Nothing outside the range is to be copied. From the entries below, reproduce exactly the lines starting at the one with "Chundri Stone and" and ending at the one with "Front of Northern", without pictures.
(Beginning of ENTRIES SHOWN)
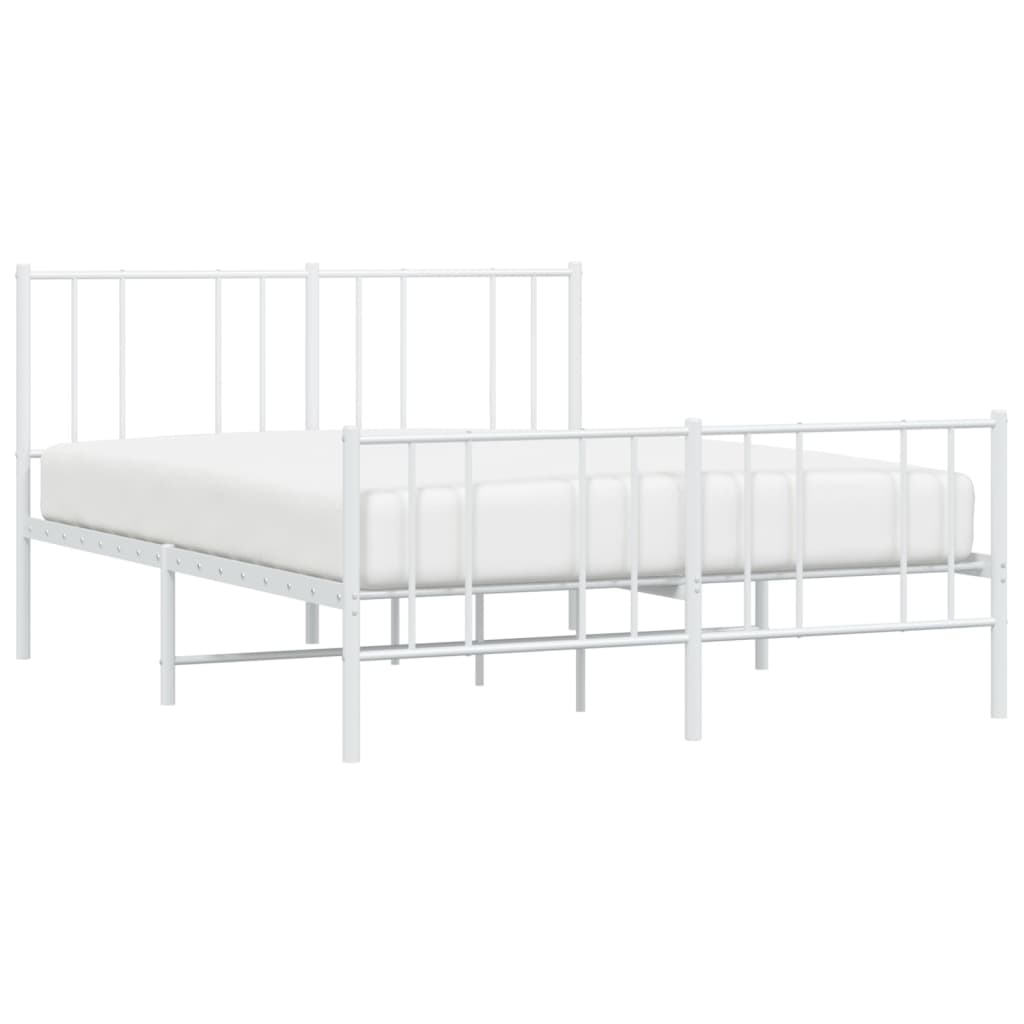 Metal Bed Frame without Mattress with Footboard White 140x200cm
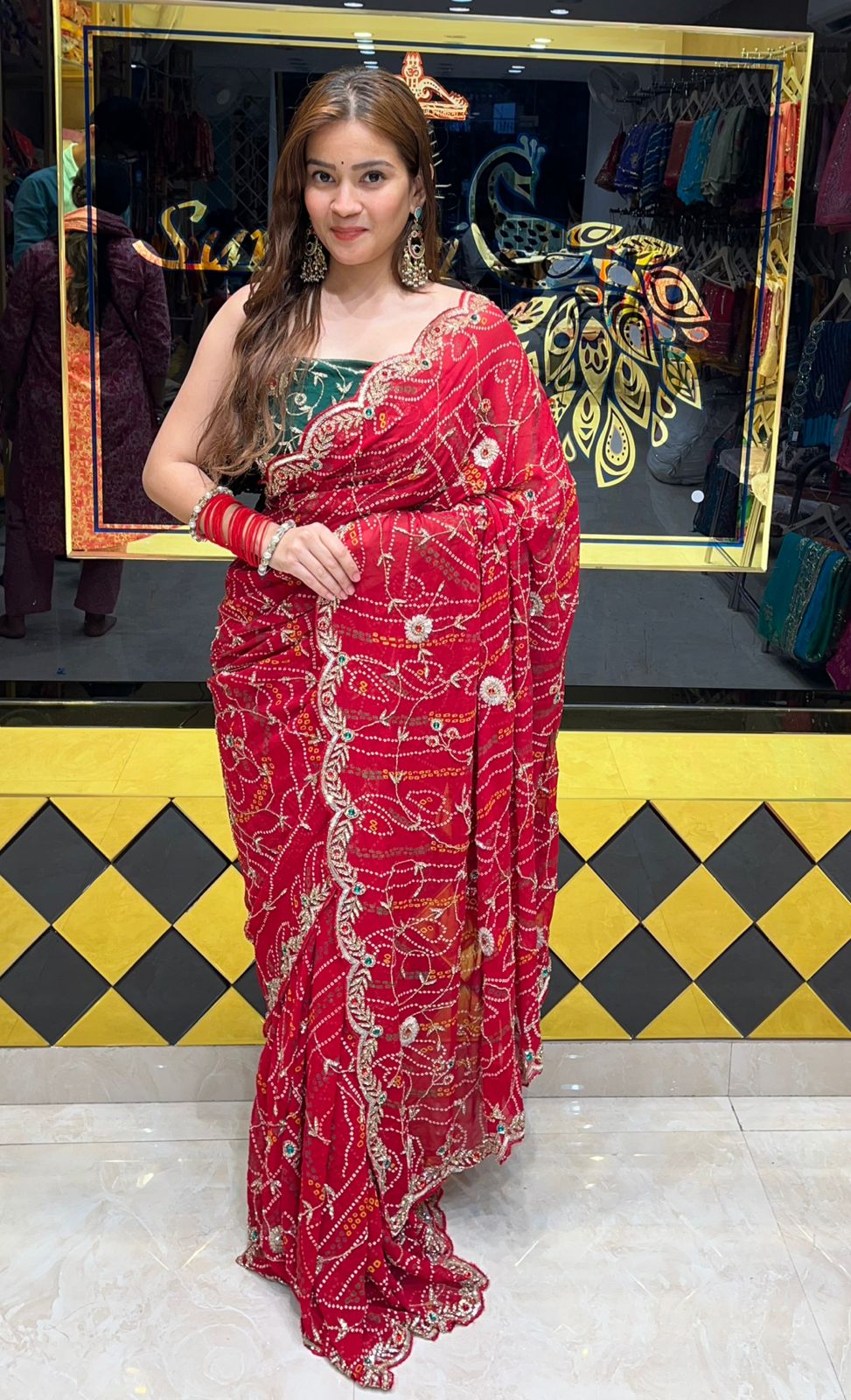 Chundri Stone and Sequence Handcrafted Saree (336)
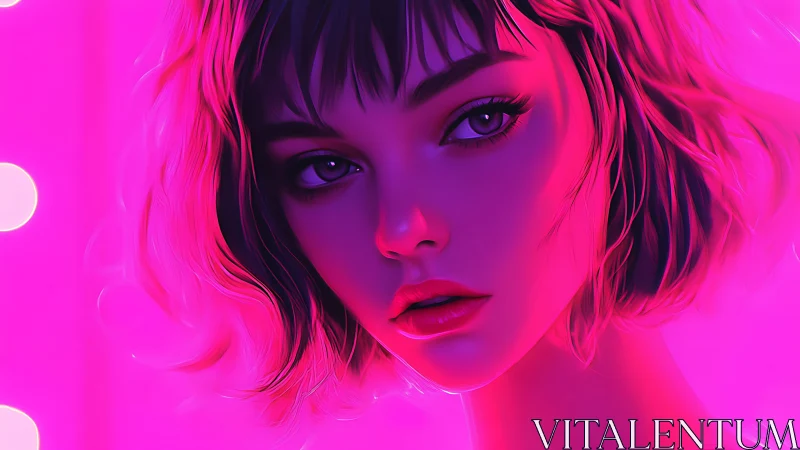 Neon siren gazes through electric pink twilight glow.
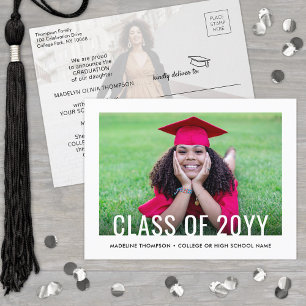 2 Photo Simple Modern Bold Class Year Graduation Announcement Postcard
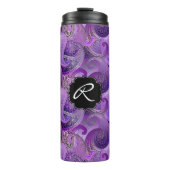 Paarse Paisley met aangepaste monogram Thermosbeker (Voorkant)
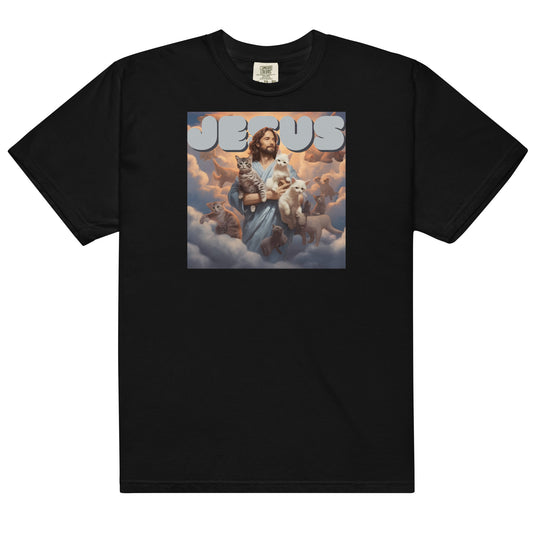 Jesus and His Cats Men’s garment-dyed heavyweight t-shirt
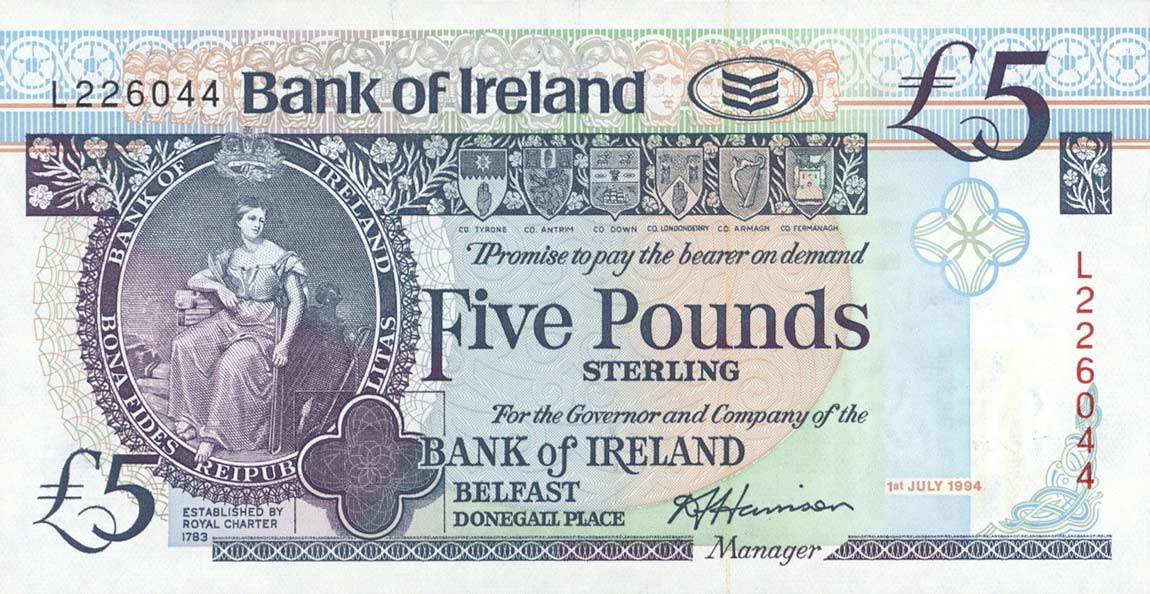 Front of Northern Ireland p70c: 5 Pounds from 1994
(End of ENTRIES SHOWN)
(Beginning of ENTRIES SHOWN)
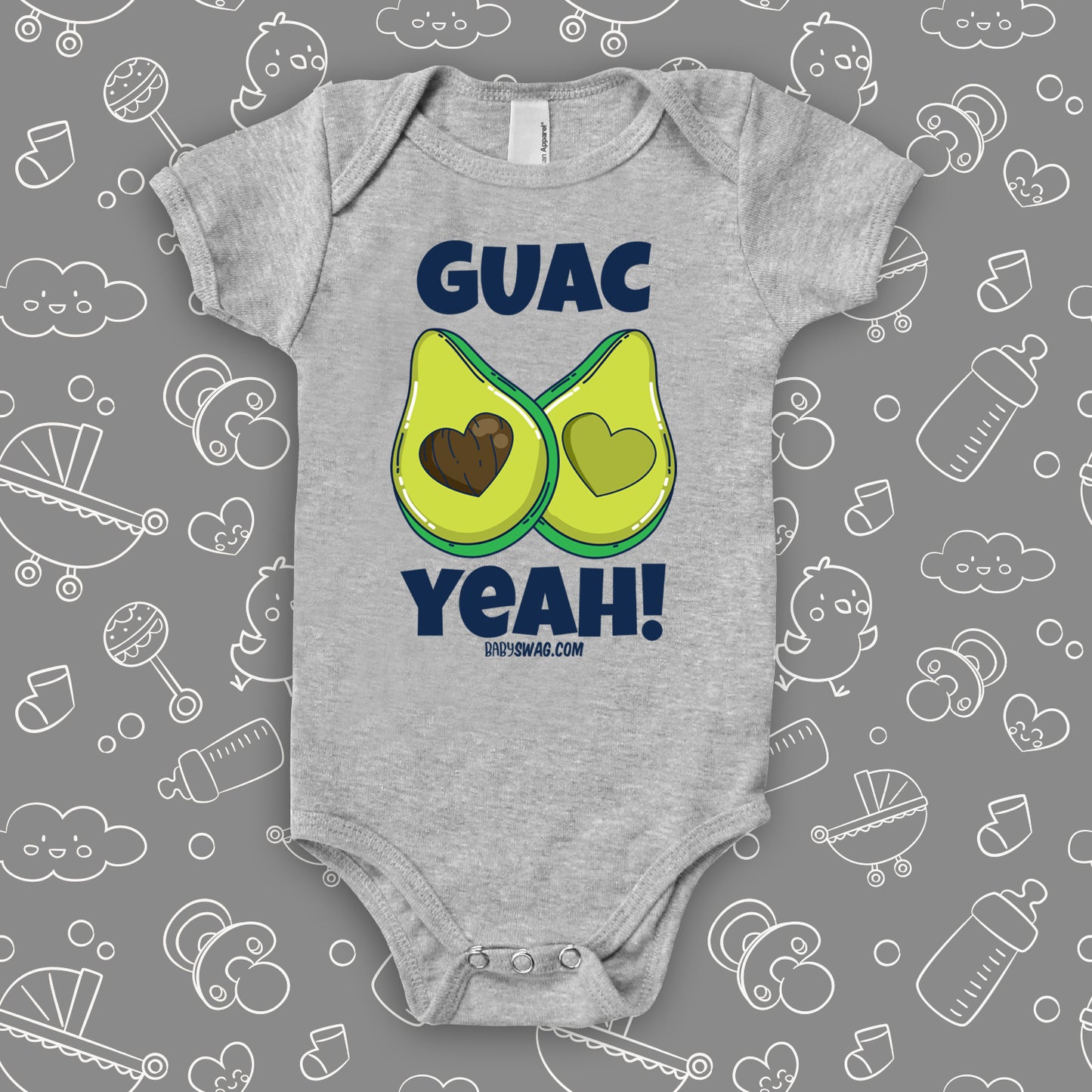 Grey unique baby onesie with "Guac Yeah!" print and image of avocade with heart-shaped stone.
(End of ENTRIES SHOWN)
(Beginning of ENTRIES SHOWN)
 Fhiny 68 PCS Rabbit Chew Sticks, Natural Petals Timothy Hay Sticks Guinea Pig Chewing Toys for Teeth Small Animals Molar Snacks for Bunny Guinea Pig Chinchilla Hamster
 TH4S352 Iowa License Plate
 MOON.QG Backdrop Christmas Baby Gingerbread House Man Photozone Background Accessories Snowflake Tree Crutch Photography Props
(End of ENTRIES SHOWN)
[ANSWER TO THIS EXERCISE]
 Chundri Stone and Sequence Handcrafted Saree (336)
 Neon siren gazes through electric pink twilight glow.
 2 Photo Simple Modern Bold Class Year Graduation Announcement Postcard
 Paarse Paisley met aangepaste monogram Thermosbeker (Voorkant)
 Jesus and His Cats Men’s garment-dyed heavyweight t-shirt
 Front of Northern Ireland p70c: 5 Pounds from 1994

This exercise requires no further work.